Wednesday, January 21, 2009

Terracotta Usage Amongst Content Portals

TYPICAL REQUIREMENTS:

  1. Content Creation: A combination of
    • User-Generated
    • Feeds from Content Providers (e.g. Movies, Weather from Yahoo etc.)
    • Editorially Generated Content

  2. Content Publishing: On demand, once approved.

  3. Content Portal sites often feature pay-for-content services that imply:
    • User Subscription/Registration.
    • User Authentication and Authorization

  4. Traditional Distribution of Caches that query the DB for User Profile Data and/or Content-Attributes/Specific Content


TYPICAL IMPLEMENTATION:

  1. Typically Content Creation/Publication has been implemented:

    • Against the database in that the CMS publishes to the database and any concomitant caches are thereafter cleared. This has 2 issues:
      • Database can get overloaded depending on the amount of content streaming in and based on the fact that caches get cleared once the new content gets published, which then results in a spike in database queries.
      • To hedge against spikes, often the caches are cleared only at graveyard-hours on the site. So, often there is a delay between content publication and availability for consumption.


    • With Terracotta:
      • You solve both problems. THE CMS application would publish against in memory Java data-structures which are replicated to JVMs via Terracotta that serve up the content to users of the Content Portal.
      • One thus obviates the usage of the database and cache clearing and hence content is available as soon as possible.


    • Example:
      • Portal consists of multiple portlets. One portlet displays weather. Content for the portlet streams in through a Yahoo Feed. Weather for 5 zip-codes change - publication is done in-memory to Java data-structures. (e.g. to specific elements in a CHM where key is ZipCode, Value is Weather-Forecast Object and the CHM is shared between Publication JVMs and Consumption JVMs).



    • Terracotta Solution Considerations (see figure):
      • Publishing Application and Consumption Application are implemented as two different applications.

      • The applications MUST be factored in such a way that both share common data structures that represents the content.

      • Class Loader issues: Since these are 2 different applications, they feature different class loaders - so a common classloader is needed

      • EXAMPLE:
        • Tomcat appserver. CMS app deployed as CMSApp Context Root and Consuming app deployed as UserApp ContextRoot.
        • A class loader is created for each web application. The CMSApp ClassLoader loads all Unpacked-Classes+Resources in the CMSApp/WEB-INF/classes directory & Classes+Jars in the CMSApp/WEB-INF/lib directory of your web application archive, and are made visible to the containing web application, but to no others. The UserApp ClassLoader loads all Unpacked-Classes+Resources in UserApp/WEB-INF/classes and Classes+Jars in UserApp/WEB-INF/lib directory of your web application
        • Given this visibility problem now, you would need to have classes loaded off the Shared ClassLoader, so that all unpacked classes and resources in $CATALINA_BASE/shared/classes, as well as classes and resources in JAR files under $CATALINA_BASE/shared/lib, are made visible to all (and thus CMSApp and UserApp) Web Applications and the Classloader name across CMSApp/ UserApp remain identical (Terracotta requirement)
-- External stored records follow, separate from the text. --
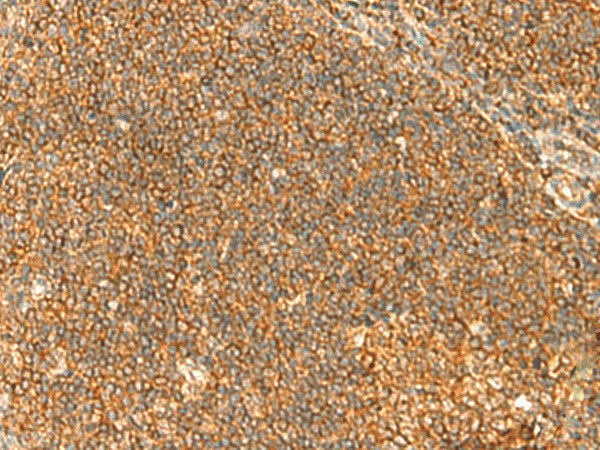 TBCK Polyclonal Antibody Reactivity Human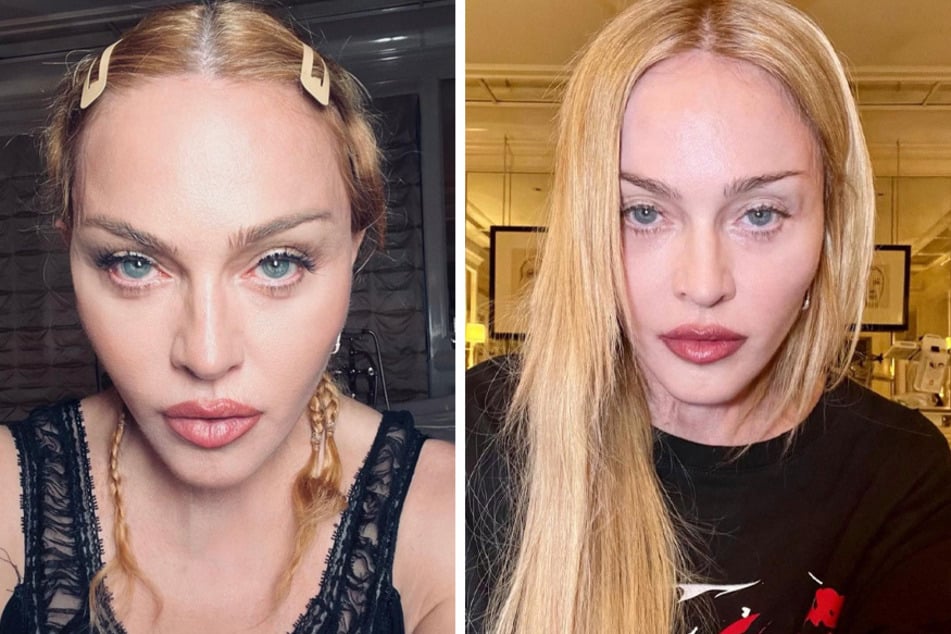 Madonna breaks silence following hospitalization: "I hate to disappoint"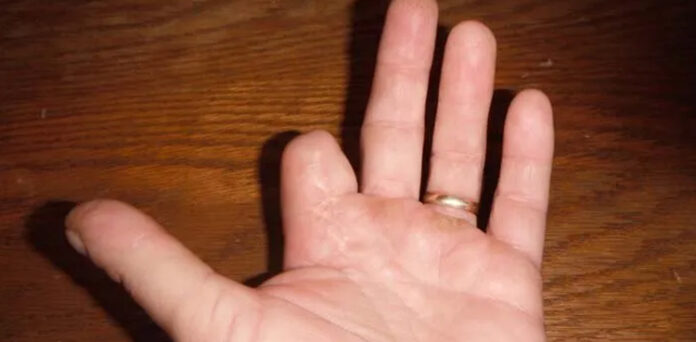 شوہر نے بیوی کی انگلی دانتوں سے کاٹ کر الگ کر دی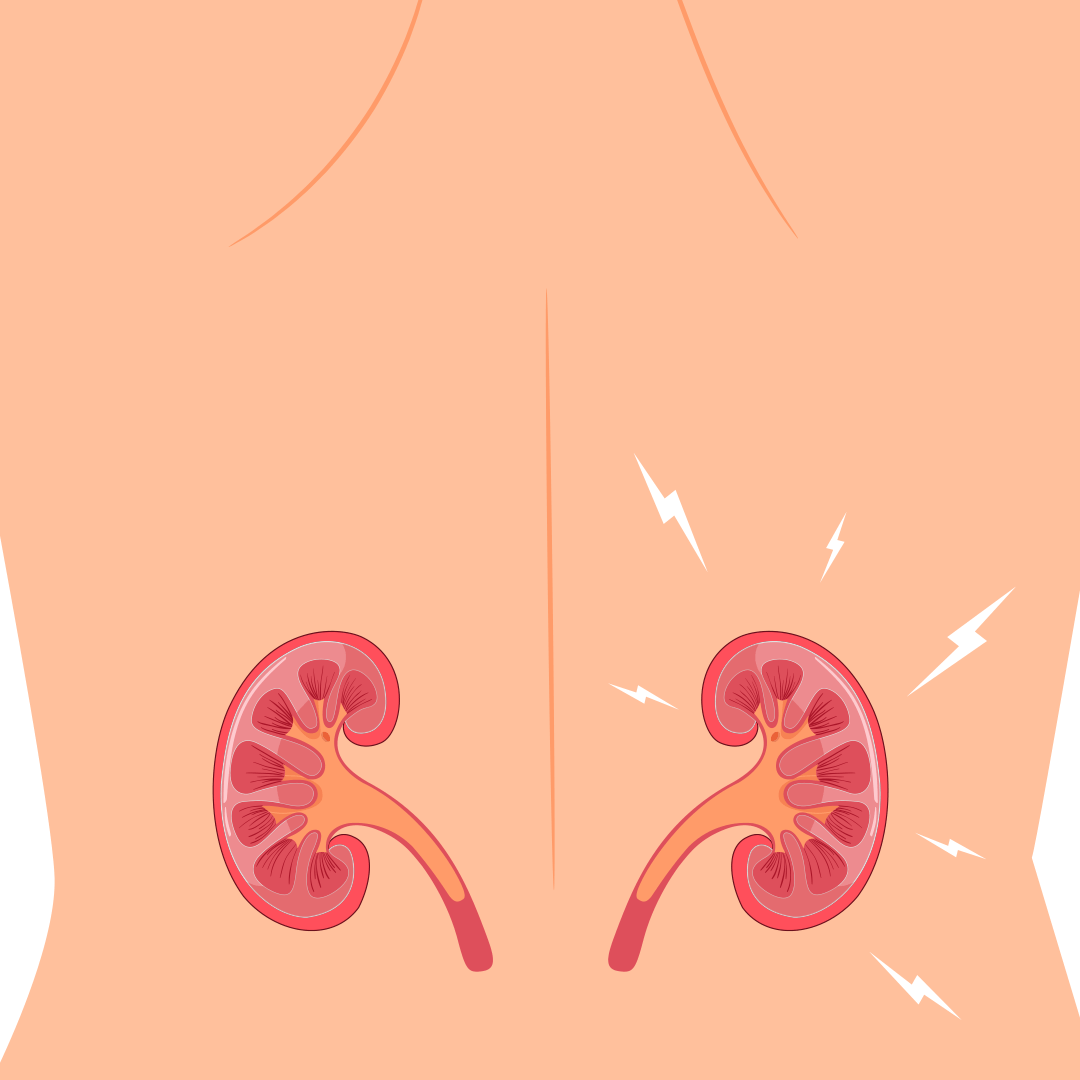 Нефункционирующая почка и армия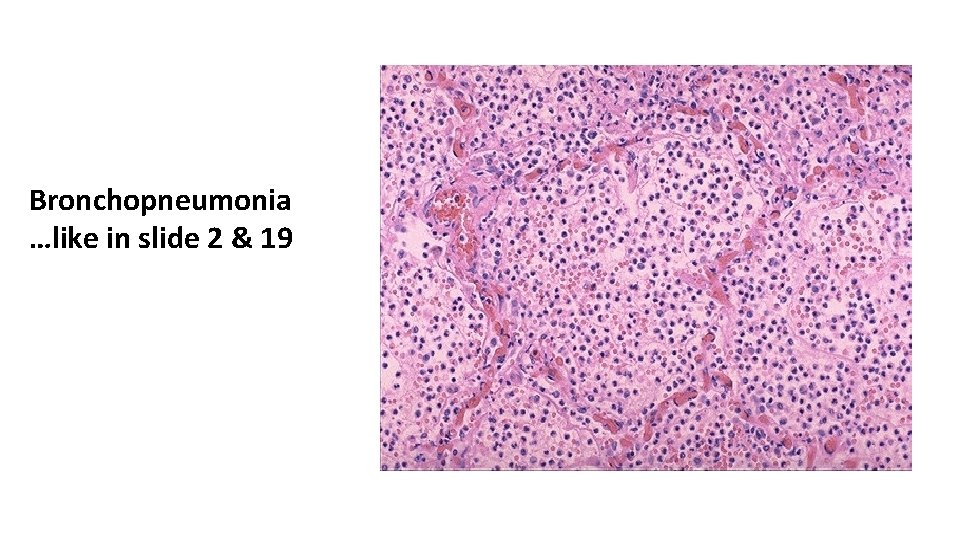 Bronchopneumonia …like in slide 2 & 19 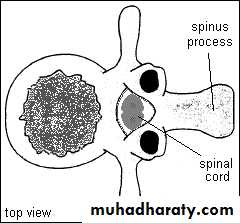 Developmental Abnormalities of the Nervous System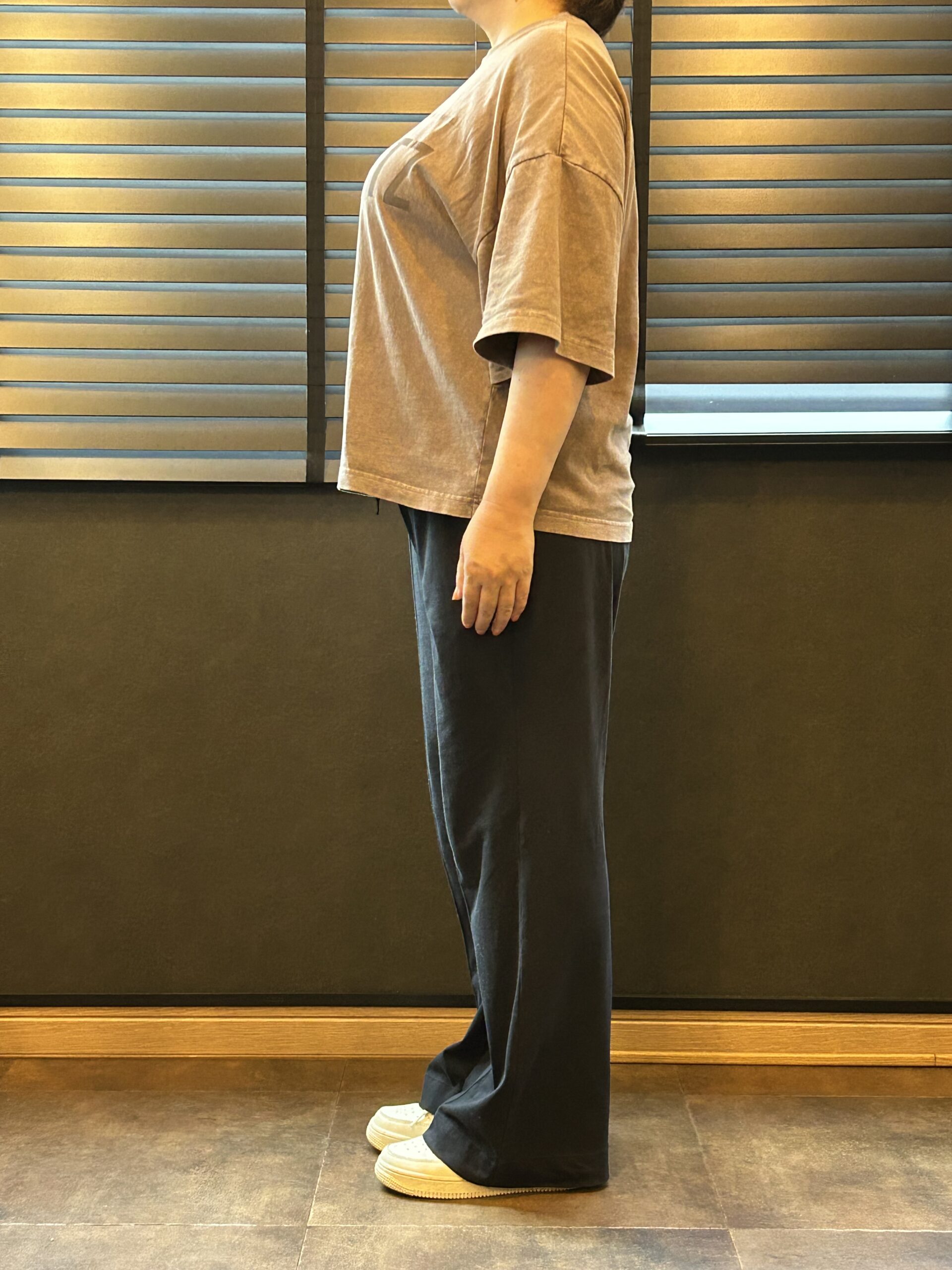 女性モニター様 ビフォー 側面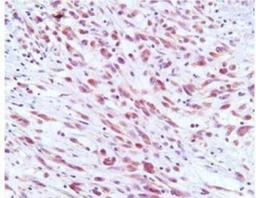 Immunohistochemistry-Paraffin: ORF73/HHV8 Antibody (4C11) [NBP1-30176] - IHC analysis of Kaposi's sarcoma tissue using antibody (1:50) for 2 hours at room temperature. Antigen retrieval was performed in 0.1M sodium citrate buffer and detected using Diaminobenzidine (DAB).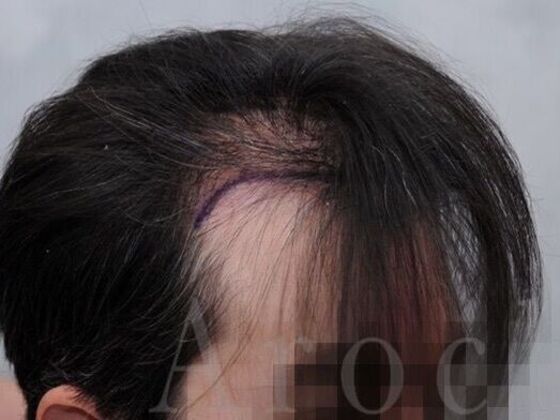 FUT Hair Restoration: Case 39 - Before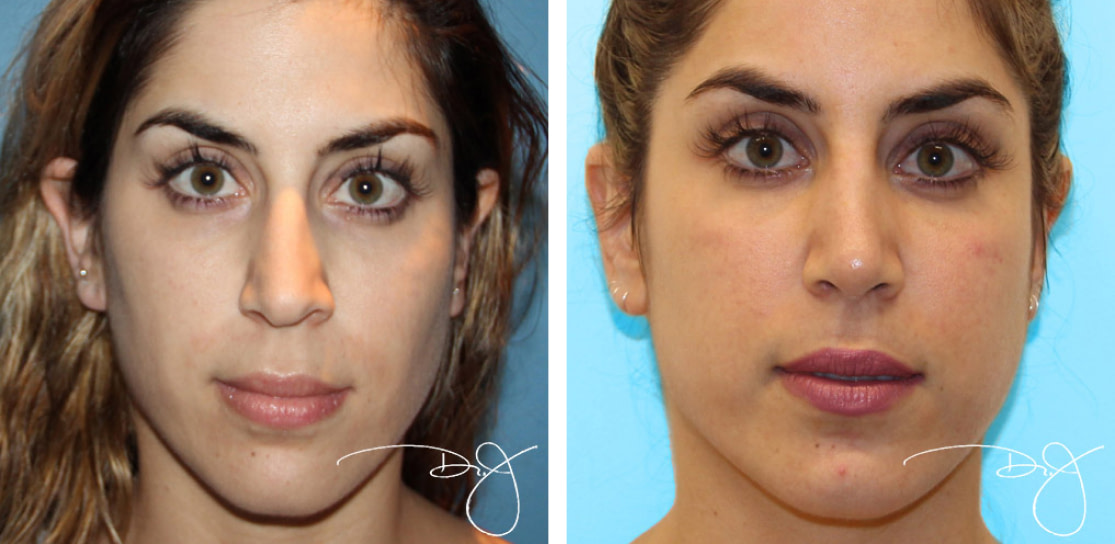 Rhinoplasty in Beverly Hills | Dr. J Plastic Surgery
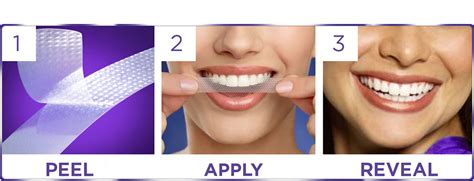 Do Crest Teeth Whitening Strips Work - TeethWalls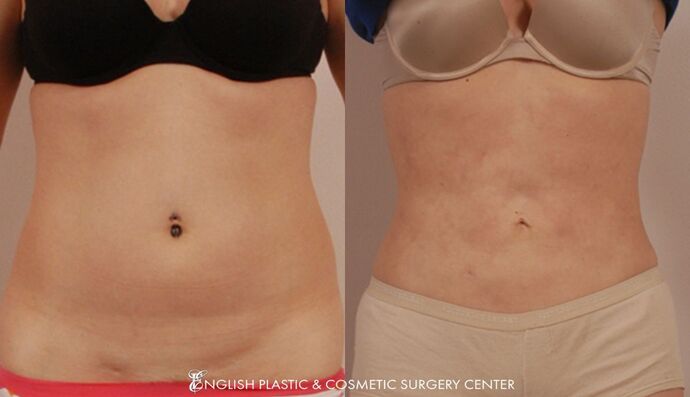 Liposuction: Case 6 - Before and After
  2. Subscription and User Authentication and Authorization:

  3. Traditional Distributed Caching: See http://www.terracotta.org/web/display/orgsite/Data+Caching and http://javamuse.blogspot.com/2008/11/distributed-cachingdatabase-offload.html for caching JDBC/ORM querying of the database for Specific Content

  4. Other examples of Terracotta being used in Content Portals include Message Board Clustering (e.g JForum and others) and special case usages.



Hope those of you in the Portal business find this useful.

Tuesday, January 13, 2009

Terracotta Usage in Ecommerce

As this Computer-world article indicates, even as late as 2008, most E-Commerce sites have not yet solved their scale and availability issues, resulting in serious business losses, at a time they can ill afford to do so. Most ECommerce sites are implemented in Java and causes of outage of course vary widely, but typically usual suspects include (but are not limited to) the following:
  1. Malicious DOS Attacks/ Unintentional but excessive "Spidering"
  2. Poor Capacity Planning at the network tier:
    • Poor or Non-Existent CDN strategy (so no traffic is deflected off Source site)
    • Load Balancer being overwhelmed.
    • Network Bandwidth saturation
  3. Poor Systems infrastructure
  4. Misconfigured HTTP Settings (i.e. the several parameters in httpd.conf, if Apache)
  5. Misconfigured App-Server Settings (i.e. the several parameters in web.xml/server.xml if Tomcat, Connector related settings etc.)
  6. Poor Garbage Collection tuning on JVMs (e.g. large # GCs, long Full GCs).
  7. Database/Application MisConfiguration (e.g. sizing of SGA, DB Connection Pool etc.)
  8. Software Development Issues:
    • Database overwhelmed in terms of Reads/Writes; Quality of PL/SQL Algorithms/Code (e.g. DB Locks, Full table scans etc.)
    • Poor Application Architecture/ Design/ Implementation/ Configuration.

The last one - i.e. poor design and implementation of servlets that constitute the Commerce Site and Backend Systems is certainly something that consumes the bulk of the Development team's effort/time. A common theme here amongst front-end Java Developers is the over-dependence on a already heavily used database - given that it is there and provides persistence. This seriously limits scale, so that during traffic spikes, when the business needs the Systems to be most available (given the number of prospective customers) is exactly when the system blacks-out or browns-out.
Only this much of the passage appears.